L'accusa è di aver favorito il proprio servizio di comparazione di prodotti rispetto a quelli concorrenti

La Corte dell’Ue conferma l’ammenda di 2,4 miliardi di euro inflitta a Google per aver abusato della propria posizione dominante favorendo il proprio servizio di comparazione di prodotti. 

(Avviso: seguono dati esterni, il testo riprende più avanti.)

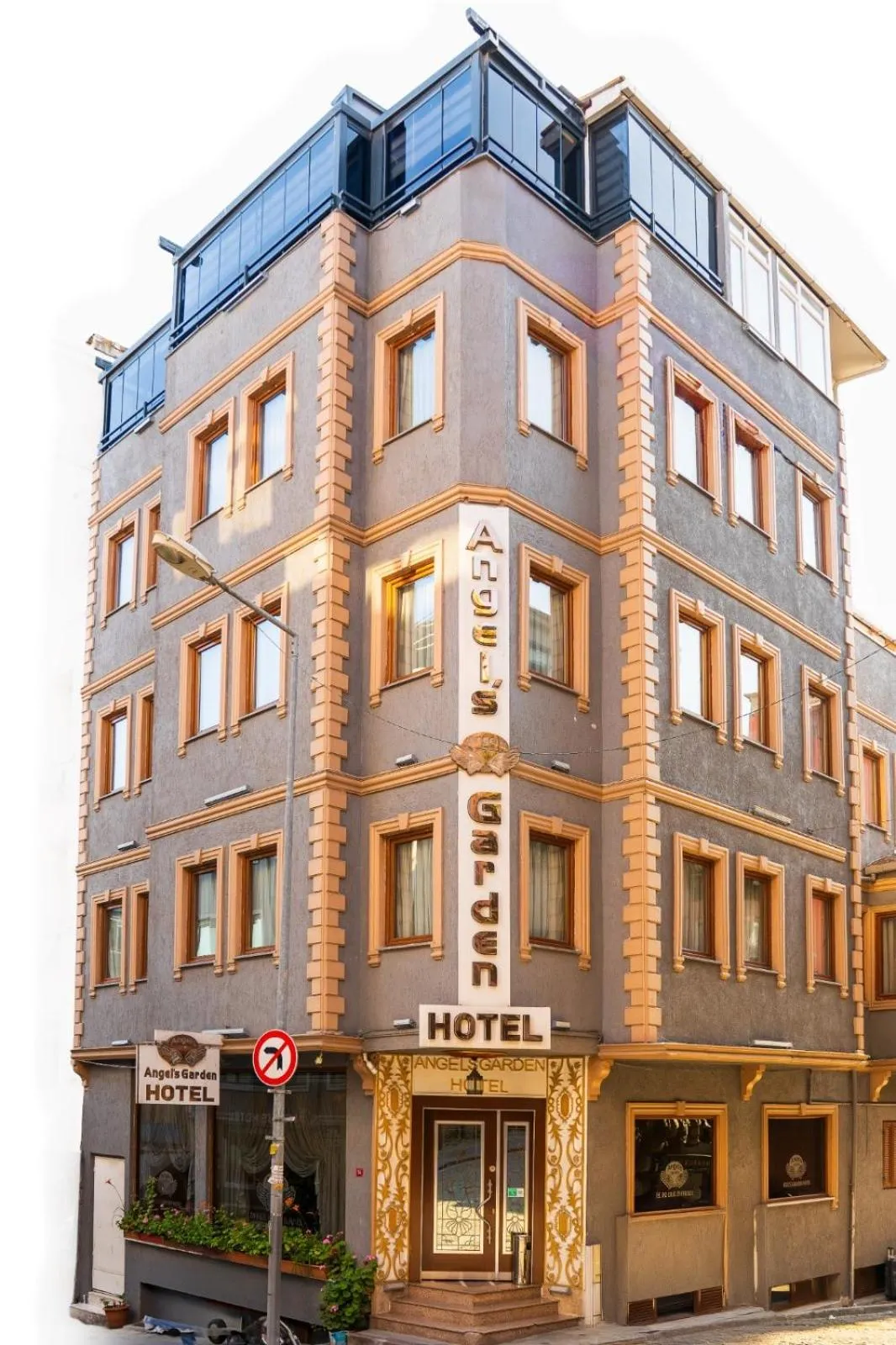 Property building in Angels Garden Hotel - Special Catagory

La sanzione inflitta nel 2017 è stata confermata nonostante Google e Alphabet abbiano proposto un’impugnazione dinanzi alla Corte, poi respinta. Con decisione del 27 giugno 2017, la Commissione ha constatato che, in tredici Paesi dello Spazio economico europeo, l’azienda aveva privilegiato, sulla sua pagina di risultati di ricerca generale, i risultati del proprio comparatore di prodotti rispetto a quelli dei comparatori di prodotti concorrenti. Google aveva infatti presentato quei risultati di ricerca in prima posizione e li aveva valorizzati all’interno di “boxes”, accompagnandoli con informazioni visive e testuali attraenti. Per contro, i risultati dei concorrenti apparivano soltanto come semplici risultati generici (presentati sotto forma di link blu) ed erano per tale motivo suscettibili di essere retrocessi da algoritmi di aggiustamento nelle pagine di risultati generali di Google.

Il caso Apple

La Corte di giustizia, inoltre, si è pronunciata su un altro caso che riguarda un altro big tech: Apple. L’organo che ha sede in Lussemburgo ha confermato la decisione della Commissione europea del 2016: l’Irlanda ha concesso all’azienda americana un aiuto illegale di 13 miliardi di euro che lo Stato ora è tenuto a recuperare.